Problem

Write code to remove duplicates from an unsorted linked list.

FOLLOW UP: How would you solve this problem if a temporary buffer is not allowed?

Examples

Example 1:

2 -> 3 -> 2 -> 5 -> 2 -> 8 -> 2 -> 3 -> 8 -> null
=>
2 -> 3 -> 5 -> 8 -> null

Input: head = [2, 3, 2, 5, 2, 8, 2, 3, 8]
Output: [2, 3, 5, 8]

We have already seen Remove duplicates from Sorted List 1. Now we will see deleting from the unsorted list.

Follow up

Remove duplicates from an unsorted linked list keeping only unique elements

Solutions

Method 1 - Using Two Loops

This approach uses two loops: the outer loop selects each element one by one, while the inner loop compares the selected element with the remaining elements. The algorithm uses two pointers called current and runnerCurrent iterates through the list normally, whereas runner checks previous nodes for duplicates as it progresses. The runner pointer ensures that only one duplicate is encountered at a time.

Code

Java
public class Solution {

	public ListNode deleteDuplicates(ListNode head) {
		if (head == null) {
			return null;
		}

		ListNode current = head;

		// Iterate through the list
		while (current != null) {
			ListNode runner = current;
			// Remove all future nodes that have the same value as the current node
			while (runner.next != null) {
				if (runner.next.val == current.val) {
					runner.next = runner.next.next; // Remove the duplicate node
				} else {
					runner = runner.next; // Move to next node
				}
			}

			current = current.next;
		}

		return head;
	}
}

Complexity

  • ⏰ Time complexity: O(n^2)
  • 🧺 Space complexity: O(1)

Method 2 - Use Sorting

  1. Sort the linked list, that takes O(n log n) time. See more - Sort a Linked List
  2. Remove duplicates in linear time using the Remove duplicates from Sorted List 1, and that takes O(n)

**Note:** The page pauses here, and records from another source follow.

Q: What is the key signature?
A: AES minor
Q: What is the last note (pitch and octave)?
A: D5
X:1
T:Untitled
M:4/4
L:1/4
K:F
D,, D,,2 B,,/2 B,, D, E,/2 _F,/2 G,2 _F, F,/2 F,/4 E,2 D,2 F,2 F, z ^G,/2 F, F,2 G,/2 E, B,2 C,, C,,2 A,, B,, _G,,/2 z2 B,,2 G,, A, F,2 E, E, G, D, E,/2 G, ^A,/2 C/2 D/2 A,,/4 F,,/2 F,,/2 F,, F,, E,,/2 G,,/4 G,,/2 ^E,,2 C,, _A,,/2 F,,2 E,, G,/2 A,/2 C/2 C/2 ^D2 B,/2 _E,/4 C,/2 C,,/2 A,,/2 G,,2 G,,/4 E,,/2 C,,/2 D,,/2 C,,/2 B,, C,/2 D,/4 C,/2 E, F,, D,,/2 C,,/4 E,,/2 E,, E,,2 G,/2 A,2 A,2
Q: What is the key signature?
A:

Please note that this method doesn’t preserve the original order of elements.

Complexity

  • ⏰ Time complexity: O(n log n)
  • 🧺 Space complexity: O(1)

Method 3 - Use Hashing

We following steps:

  1. We traverse the linked list from the head to the end.
  2. For each new element, we check if it is in the hash table: if it is, we remove it; otherwise, we add it to the hash table.

Follow up question’s solution is method 1, as we don’t want to use any extra space.

Code

Java
public class Solution {

	public ListNode deleteDuplicates(ListNode head) {
		if (head == null) {
			return null;
		}

		Set<Integer> seen = new HashSet<>();
		ListNode current = head;
		ListNode prev = null;

		while (current != null) {
			if (seen.contains(current.val)) {
				// Duplicate node, remove it
				prev.next = current.next;
			} else {
				// Not a duplicate, add to the set
				seen.add(current.val);
				prev = current;
			}

			current = current.next;
		}

		return head;
	}
}

Complexity

  • ⏰ Time complexity: O(n) as we loop on elements, and it takes O(1) time to add and read the value in hashset.
  • 🧺 Space complexity: O(n) for storing the values in hashset.